# Instructions to follow:
Only the pictures are to be left out, and the rest of the entries should be reproduced exactly.

# Records for the exercise:
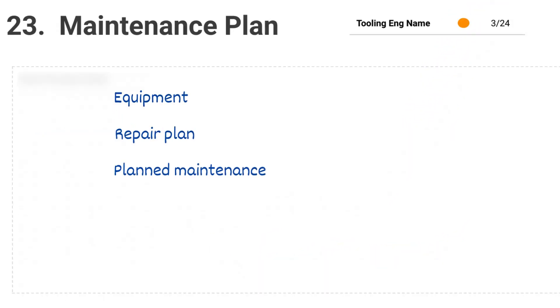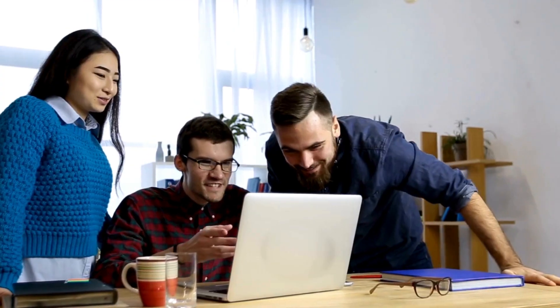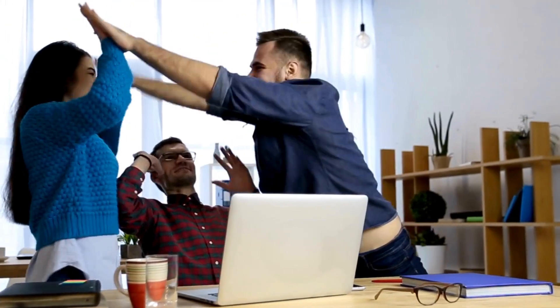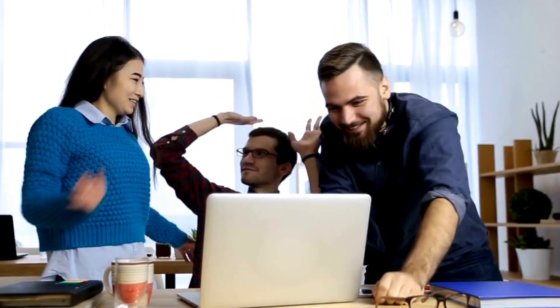Include maintenance in the DFM. It will positively affect part and tool design decisions.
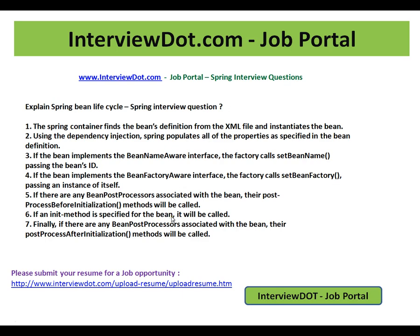This is a very important Spring interview question. Hope this video is useful for your interview preparation. Thank you for watching this video and all the best for your interview. This video is from interview.com, a job portal in India. Thank you.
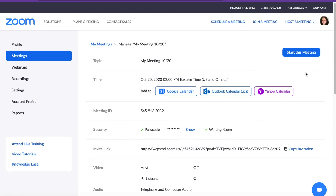If you need to Zoom with a parent or a non-WCPS participant, please schedule a different meeting. Do not use the same link that you use with students or your parents will not be able to join since they do not have WCPS accounts.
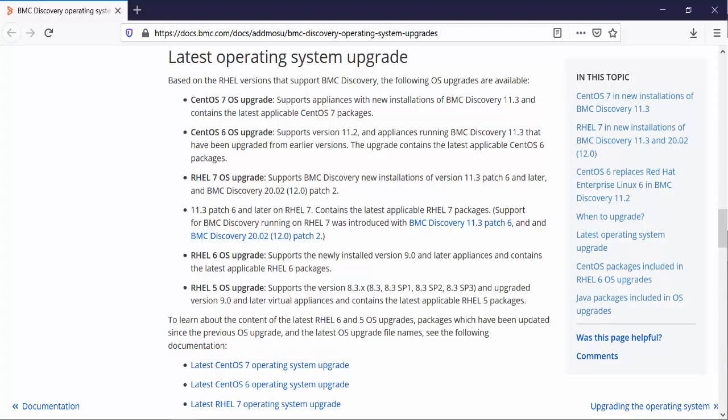After that, Red Hat releases bug fixes and security updates frequently and CentOS subsequently incorporates these updates. Each month BMC creates these operating system upgrades containing the packages which are applicable only for BMC Discovery. Please note that OS upgrades are cumulative. It means when you install the latest upgrade package, all the packages are upgraded to the current version.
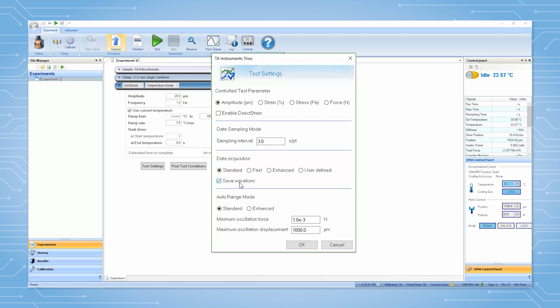Save waveform allows for a graphical force displacement waveform to be saved for each point and viewed later. Under auto range mode we will use a minimum force of 0.001 newtons and a maximum displacement of one millimeter.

# Finished exercise:
Include maintenance in the DFM. It will positively affect part and tool design decisions.
This is a very important Spring interview question. Hope this video is useful for your interview preparation. Thank you for watching this video and all the best for your interview. This video is from interview.com, a job portal in India. Thank you.
If you need to Zoom with a parent or a non-WCPS participant, please schedule a different meeting. Do not use the same link that you use with students or your parents will not be able to join since they do not have WCPS accounts.
After that, Red Hat releases bug fixes and security updates frequently and CentOS subsequently incorporates these updates. Each month BMC creates these operating system upgrades containing the packages which are applicable only for BMC Discovery. Please note that OS upgrades are cumulative. It means when you install the latest upgrade package, all the packages are upgraded to the current version.
Save waveform allows for a graphical force displacement waveform to be saved for each point and viewed later. Under auto range mode we will use a minimum force of 0.001 newtons and a maximum displacement of one millimeter.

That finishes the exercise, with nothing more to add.